Pourquoi nous ? Pourquoi à ce moment ? Pour quoi faire ? Sommes-nous prêts à gouverner ? Serons-nous à la hauteur des espérances des quinze millions d’électeurs qui ont voté pour lui ? Ces questions, il est trop tôt, ou trop tard, pour se les poser. Nous sommes embarqués dans ce qui va devenir un moment très particulier pour notre pays : la première gestion de la France par un gouvernement de la gauche depuis le bref épisode de 1936. Nous devinons que bien des écueils, bien des pièges et des chausse-trapes nous attendent ; et que nous allons devoir reprendre des rôles et des postes, tenus par d’autres depuis si longtemps.
Pour ma part, comme peut-être pour certains autour de moi, s’ajoute le sentiment d’être un imposteur : pourquoi moi ? Pourquoi ici ? De qui ai-je pris la place ? Je ne connais presque rien au fonctionnement de l’État. Je n’y ai jamais exercé la moindre fonction. Je ne connais pratiquement aucun haut fonctionnaire ni aucun dirigeant étranger. Est-ce vraiment cela que j’ai voulu de ma vie ? Fuir ce rôle… Il est encore temps. Ce sentiment, je l’écarte vite, pris dans l’euphorie de cet instant que j’espère depuis bientôt dix ans, et dont d’autres rêvent depuis bien plus longtemps. Et pourtant, il nous paraît encore improbable, parce que nous avions tous fini par ne plus vraiment y croire, après tant et tant de défaites.

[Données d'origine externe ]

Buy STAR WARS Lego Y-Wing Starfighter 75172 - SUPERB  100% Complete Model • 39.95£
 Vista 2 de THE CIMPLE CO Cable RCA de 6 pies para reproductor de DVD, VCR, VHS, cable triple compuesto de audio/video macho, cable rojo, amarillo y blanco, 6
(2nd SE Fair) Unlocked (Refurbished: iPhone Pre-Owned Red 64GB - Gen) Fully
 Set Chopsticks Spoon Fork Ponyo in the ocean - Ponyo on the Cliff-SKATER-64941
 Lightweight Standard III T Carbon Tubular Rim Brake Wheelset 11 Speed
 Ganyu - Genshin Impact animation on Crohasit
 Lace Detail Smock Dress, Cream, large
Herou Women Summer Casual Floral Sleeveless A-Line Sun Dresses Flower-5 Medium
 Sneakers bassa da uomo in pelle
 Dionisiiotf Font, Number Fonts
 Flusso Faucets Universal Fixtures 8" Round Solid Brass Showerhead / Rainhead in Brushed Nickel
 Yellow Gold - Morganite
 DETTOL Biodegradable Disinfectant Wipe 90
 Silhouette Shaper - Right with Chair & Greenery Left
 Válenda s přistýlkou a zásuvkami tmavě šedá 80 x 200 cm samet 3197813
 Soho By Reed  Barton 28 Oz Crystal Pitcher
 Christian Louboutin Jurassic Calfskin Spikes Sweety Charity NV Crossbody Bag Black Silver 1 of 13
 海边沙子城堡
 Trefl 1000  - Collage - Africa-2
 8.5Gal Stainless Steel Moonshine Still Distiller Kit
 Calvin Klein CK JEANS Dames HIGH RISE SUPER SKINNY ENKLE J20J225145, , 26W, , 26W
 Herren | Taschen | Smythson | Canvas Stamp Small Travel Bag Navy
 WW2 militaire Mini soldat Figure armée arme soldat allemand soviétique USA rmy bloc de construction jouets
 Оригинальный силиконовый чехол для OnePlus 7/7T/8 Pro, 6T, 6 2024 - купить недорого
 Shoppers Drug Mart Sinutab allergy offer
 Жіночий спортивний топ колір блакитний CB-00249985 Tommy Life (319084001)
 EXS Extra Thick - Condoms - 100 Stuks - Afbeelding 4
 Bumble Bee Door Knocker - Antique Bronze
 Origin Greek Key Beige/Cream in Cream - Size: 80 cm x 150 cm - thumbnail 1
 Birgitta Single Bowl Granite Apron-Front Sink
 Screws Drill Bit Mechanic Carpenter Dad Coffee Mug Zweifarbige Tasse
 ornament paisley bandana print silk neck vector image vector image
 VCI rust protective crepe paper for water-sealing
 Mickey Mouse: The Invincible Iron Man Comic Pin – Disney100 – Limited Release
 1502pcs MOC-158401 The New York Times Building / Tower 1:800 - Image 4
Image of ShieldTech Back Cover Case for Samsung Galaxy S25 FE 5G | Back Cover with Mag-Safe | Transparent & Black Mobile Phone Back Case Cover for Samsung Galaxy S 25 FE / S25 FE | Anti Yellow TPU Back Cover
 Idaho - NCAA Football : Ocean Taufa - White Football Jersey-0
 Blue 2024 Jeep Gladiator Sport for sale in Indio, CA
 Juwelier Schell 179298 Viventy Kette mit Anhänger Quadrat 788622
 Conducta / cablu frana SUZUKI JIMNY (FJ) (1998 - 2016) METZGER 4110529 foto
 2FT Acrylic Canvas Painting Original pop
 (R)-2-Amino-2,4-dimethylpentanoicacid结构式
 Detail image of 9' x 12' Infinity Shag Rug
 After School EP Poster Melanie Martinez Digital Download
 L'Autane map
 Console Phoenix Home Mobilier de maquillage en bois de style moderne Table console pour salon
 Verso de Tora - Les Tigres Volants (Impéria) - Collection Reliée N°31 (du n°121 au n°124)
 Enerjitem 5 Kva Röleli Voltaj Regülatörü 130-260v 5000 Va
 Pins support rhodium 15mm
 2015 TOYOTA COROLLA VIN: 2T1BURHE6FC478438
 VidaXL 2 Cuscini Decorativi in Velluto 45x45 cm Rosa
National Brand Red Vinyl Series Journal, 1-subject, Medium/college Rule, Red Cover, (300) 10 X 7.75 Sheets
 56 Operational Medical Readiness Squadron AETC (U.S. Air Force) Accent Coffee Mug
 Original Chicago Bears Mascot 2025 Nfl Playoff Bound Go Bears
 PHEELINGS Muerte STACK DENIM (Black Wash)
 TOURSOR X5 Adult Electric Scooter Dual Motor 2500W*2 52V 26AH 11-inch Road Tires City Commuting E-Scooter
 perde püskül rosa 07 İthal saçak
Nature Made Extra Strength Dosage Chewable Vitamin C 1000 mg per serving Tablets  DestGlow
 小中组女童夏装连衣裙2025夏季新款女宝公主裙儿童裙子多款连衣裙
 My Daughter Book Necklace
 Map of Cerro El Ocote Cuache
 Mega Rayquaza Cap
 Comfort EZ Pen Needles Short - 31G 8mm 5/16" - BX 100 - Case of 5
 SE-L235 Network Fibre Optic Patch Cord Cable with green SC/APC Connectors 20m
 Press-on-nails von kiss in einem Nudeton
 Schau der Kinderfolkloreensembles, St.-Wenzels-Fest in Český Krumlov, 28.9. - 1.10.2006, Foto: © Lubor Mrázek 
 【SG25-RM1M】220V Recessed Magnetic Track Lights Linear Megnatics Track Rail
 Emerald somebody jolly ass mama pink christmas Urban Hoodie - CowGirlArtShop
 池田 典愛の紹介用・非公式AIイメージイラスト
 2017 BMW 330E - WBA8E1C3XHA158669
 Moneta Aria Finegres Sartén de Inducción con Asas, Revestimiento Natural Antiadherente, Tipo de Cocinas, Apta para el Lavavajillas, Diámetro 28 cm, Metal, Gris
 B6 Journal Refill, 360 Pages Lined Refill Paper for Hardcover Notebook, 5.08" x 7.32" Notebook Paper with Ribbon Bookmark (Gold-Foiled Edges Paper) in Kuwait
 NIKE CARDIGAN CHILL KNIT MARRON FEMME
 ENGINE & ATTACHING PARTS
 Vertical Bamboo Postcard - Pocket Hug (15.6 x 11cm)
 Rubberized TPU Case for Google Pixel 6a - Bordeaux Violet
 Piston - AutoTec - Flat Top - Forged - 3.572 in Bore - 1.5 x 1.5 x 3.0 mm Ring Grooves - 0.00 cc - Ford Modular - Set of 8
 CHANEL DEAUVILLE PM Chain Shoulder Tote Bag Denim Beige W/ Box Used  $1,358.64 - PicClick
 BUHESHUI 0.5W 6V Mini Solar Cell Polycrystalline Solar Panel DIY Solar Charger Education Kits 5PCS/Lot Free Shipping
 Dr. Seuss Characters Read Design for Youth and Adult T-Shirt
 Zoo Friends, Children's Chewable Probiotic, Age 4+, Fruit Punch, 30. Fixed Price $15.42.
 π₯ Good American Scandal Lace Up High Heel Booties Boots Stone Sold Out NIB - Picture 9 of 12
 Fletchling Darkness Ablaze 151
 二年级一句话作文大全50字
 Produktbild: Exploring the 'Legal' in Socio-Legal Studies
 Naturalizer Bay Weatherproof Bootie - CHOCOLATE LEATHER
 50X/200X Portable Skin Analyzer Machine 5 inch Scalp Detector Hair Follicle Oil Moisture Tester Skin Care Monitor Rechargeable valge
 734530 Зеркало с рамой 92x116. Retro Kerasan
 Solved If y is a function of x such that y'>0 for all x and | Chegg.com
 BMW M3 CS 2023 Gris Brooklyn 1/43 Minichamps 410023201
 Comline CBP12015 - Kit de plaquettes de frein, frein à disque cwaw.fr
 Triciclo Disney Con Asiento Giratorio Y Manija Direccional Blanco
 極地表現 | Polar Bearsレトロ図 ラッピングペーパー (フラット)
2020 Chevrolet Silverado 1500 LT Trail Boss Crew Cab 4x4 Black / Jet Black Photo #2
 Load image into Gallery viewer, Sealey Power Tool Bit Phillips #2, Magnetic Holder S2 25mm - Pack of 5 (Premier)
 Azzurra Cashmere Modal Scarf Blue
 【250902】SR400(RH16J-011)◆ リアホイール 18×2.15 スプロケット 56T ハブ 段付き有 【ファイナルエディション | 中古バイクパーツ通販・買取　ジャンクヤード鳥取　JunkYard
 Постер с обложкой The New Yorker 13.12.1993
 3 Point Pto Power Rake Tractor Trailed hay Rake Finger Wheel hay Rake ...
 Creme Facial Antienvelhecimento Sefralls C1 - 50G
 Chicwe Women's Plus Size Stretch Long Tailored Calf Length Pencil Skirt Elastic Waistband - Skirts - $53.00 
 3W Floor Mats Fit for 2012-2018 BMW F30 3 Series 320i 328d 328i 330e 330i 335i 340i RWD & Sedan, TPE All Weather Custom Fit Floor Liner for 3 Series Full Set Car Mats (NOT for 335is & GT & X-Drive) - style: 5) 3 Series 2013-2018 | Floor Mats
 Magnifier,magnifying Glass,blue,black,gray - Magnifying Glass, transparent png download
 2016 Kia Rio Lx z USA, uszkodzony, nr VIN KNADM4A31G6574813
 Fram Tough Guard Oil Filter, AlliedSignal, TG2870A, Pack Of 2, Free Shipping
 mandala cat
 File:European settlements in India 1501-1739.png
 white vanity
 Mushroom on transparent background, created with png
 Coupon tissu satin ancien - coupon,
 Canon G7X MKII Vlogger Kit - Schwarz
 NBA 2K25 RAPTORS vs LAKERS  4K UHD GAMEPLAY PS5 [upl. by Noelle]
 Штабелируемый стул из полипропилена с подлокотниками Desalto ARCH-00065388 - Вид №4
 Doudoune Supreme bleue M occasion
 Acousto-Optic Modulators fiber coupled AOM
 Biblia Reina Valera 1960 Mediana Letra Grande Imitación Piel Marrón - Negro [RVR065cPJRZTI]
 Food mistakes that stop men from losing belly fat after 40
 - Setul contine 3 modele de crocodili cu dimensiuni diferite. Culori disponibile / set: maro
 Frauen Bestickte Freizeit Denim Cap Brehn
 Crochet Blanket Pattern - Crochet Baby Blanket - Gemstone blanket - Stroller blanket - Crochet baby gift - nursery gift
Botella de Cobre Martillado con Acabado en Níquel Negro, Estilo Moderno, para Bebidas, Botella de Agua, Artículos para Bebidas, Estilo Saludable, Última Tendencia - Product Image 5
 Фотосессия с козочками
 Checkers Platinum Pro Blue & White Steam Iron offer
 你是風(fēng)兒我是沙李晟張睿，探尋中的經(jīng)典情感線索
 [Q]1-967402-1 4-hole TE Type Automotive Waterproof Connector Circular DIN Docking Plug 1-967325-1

Je découvrirai plus tard que toutes les victoires électorales, même à une élection présidentielle, n’ont pas le même goût. Et de fait, aucune victoire électorale suivante, même les présidentielles gagnées par la gauche en 1988 et en 2012, n’aura la même ampleur, la même importance historique. Faute de programme. Faute de temps. Et pour d’autres raisons, sur lesquelles je reviendrai.
Ce soir-là, certains d’entre nous avons le sentiment que ce 10 mai n’est que le bégaiement d’une autre histoire beaucoup plus intense, d’une campagne infiniment plus passionnante, vécue sept ans plus tôt, et qui s’était terminée par une défaite ; une campagne éclair, éblouissante, improvisée après la mort imprévue du président Georges Pompidou. Une campagne de fortune, sans moyens, sans soutiens, pendant laquelle nous étions alors tous, sauf le candidat, des débutants. Une défaite plus exaltante encore que cette victoire. Et qui laissera bien des traces dans l’action qui suivit.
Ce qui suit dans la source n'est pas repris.